Output, word for word, the lines of this listing that fall between the line with "Velvet Loveseat W2 Pillows - Navy" and the line with "The image depicts", counting both of those lines, and no others.
[EXERCISE INPUTS — start]
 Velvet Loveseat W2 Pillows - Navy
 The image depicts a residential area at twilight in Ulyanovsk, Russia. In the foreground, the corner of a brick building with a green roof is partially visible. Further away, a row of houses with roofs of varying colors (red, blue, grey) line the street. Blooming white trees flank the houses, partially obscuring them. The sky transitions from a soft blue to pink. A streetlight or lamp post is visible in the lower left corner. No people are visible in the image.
[EXERCISE INPUTS — finish]
[EXERCISE INPUTS — start]
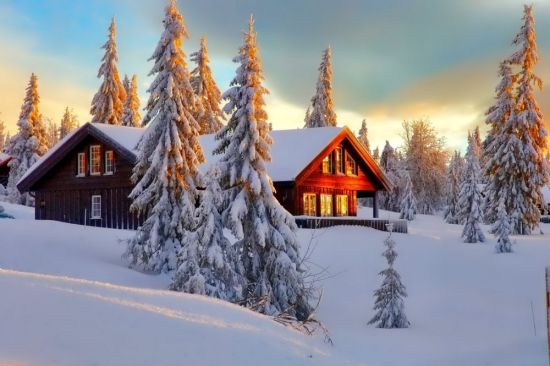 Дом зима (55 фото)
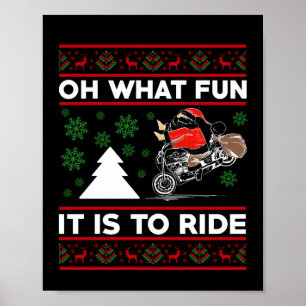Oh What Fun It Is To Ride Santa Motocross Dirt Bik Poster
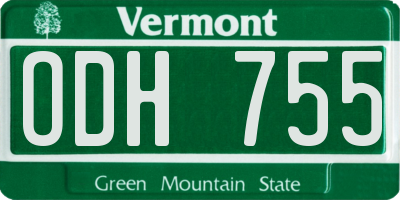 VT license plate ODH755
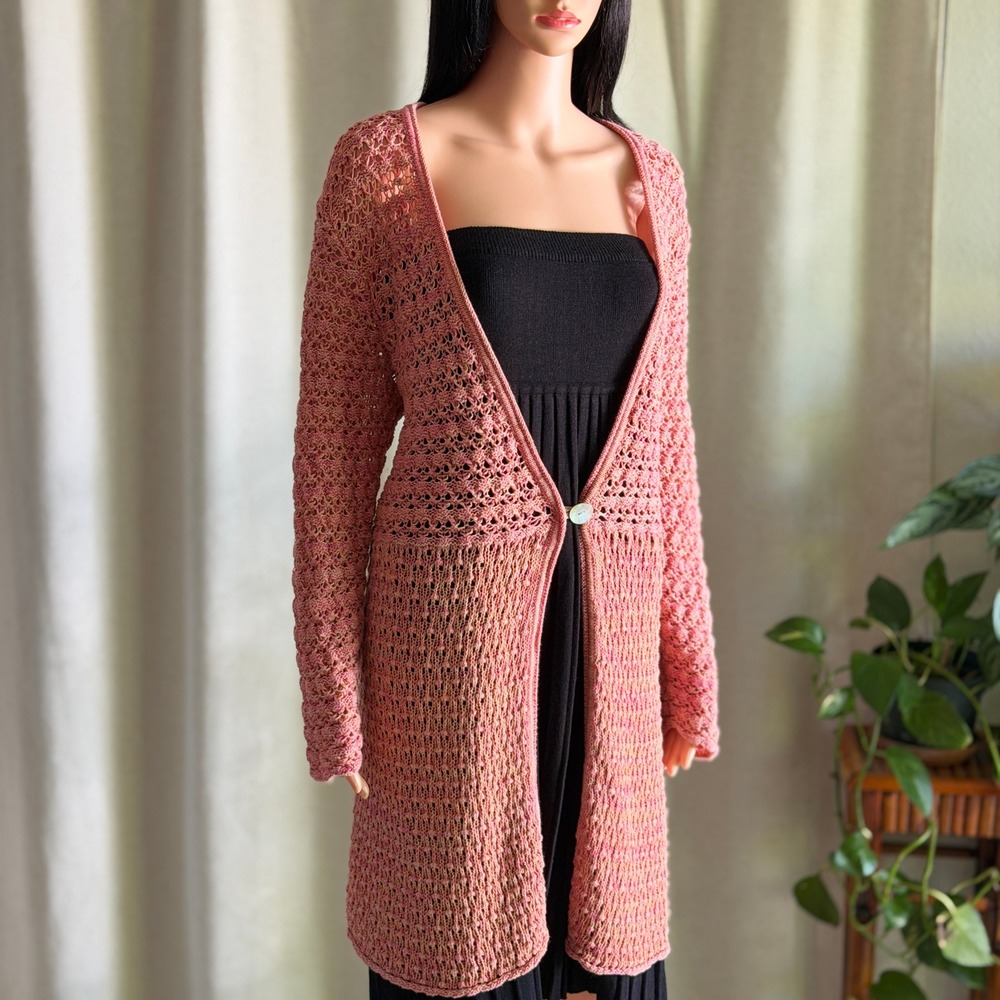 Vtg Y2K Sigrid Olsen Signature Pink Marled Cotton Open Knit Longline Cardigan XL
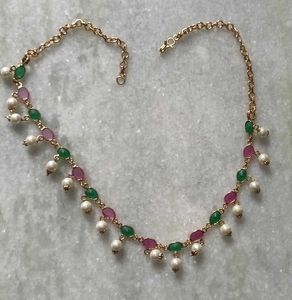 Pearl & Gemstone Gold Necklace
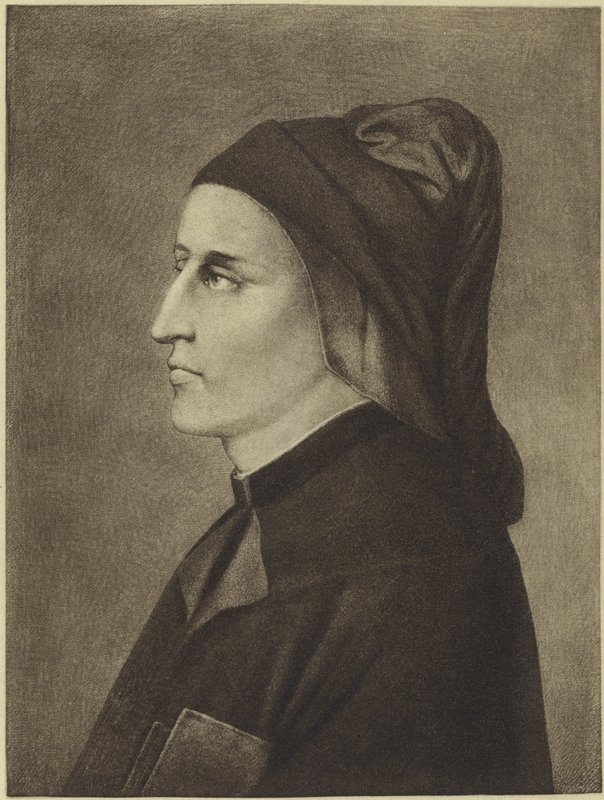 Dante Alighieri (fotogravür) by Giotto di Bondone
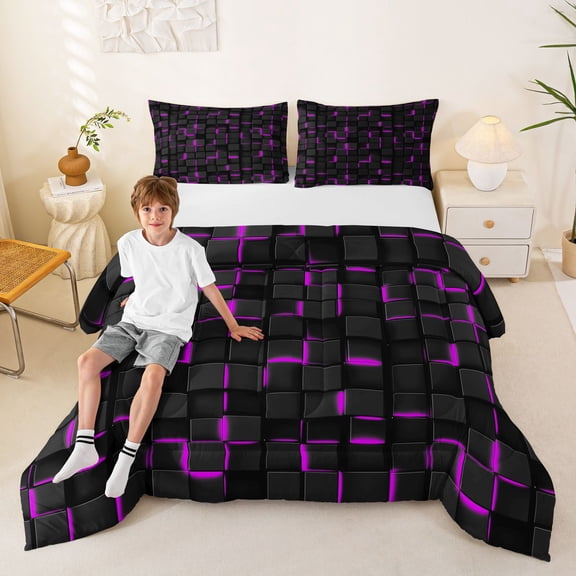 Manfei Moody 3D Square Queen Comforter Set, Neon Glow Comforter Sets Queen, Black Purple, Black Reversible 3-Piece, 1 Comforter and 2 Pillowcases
[EXERCISE INPUTS — finish]
[EXERCISE INPUTS — start]
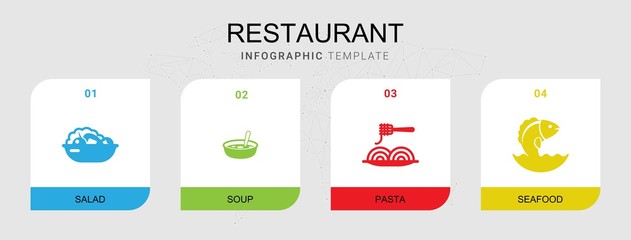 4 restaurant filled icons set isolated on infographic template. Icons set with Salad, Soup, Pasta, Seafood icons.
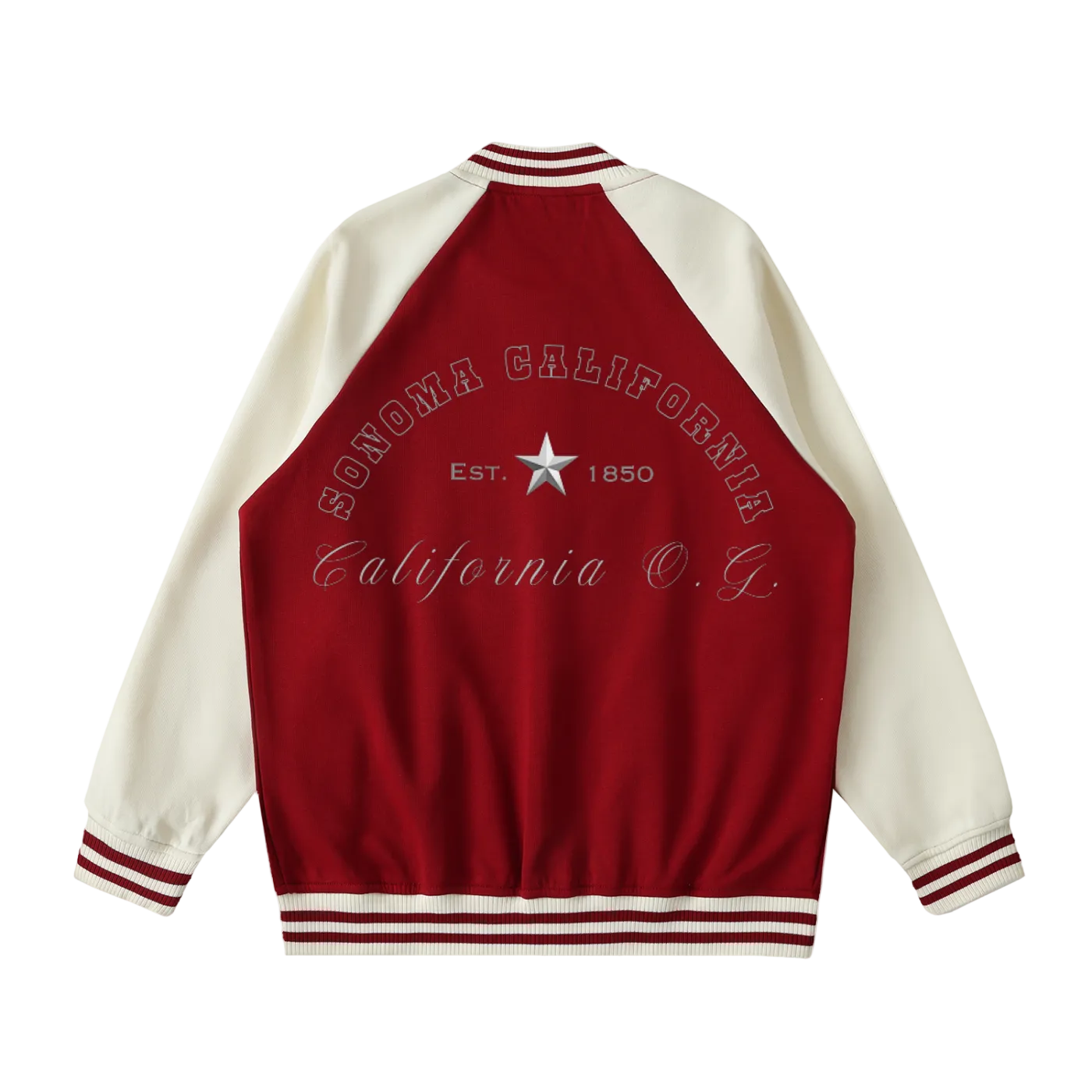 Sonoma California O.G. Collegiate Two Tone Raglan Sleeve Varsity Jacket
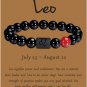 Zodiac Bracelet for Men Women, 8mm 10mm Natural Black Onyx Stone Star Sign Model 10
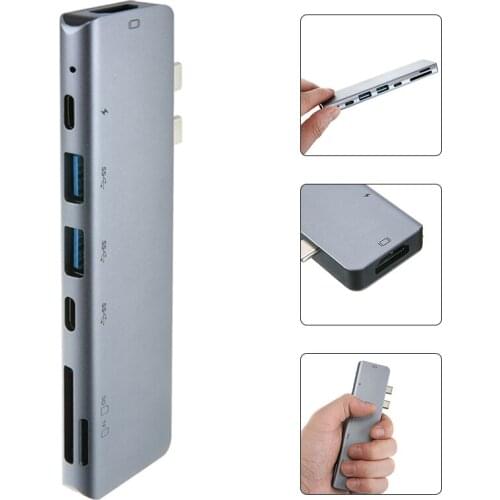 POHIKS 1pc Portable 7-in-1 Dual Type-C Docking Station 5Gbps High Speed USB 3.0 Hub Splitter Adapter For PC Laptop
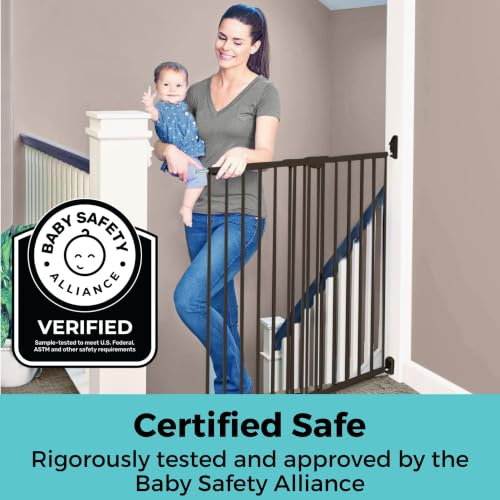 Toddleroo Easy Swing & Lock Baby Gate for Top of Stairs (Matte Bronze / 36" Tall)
[EXERCISE INPUTS — finish]
TASK SOLUTION ▸
 Velvet Loveseat W2 Pillows - Navy
 The image depicts a residential area at twilight in Ulyanovsk, Russia. In the foreground, the corner of a brick building with a green roof is partially visible. Further away, a row of houses with roofs of varying colors (red, blue, grey) line the street. Blooming white trees flank the houses, partially obscuring them. The sky transitions from a soft blue to pink. A streetlight or lamp post is visible in the lower left corner. No people are visible in the image.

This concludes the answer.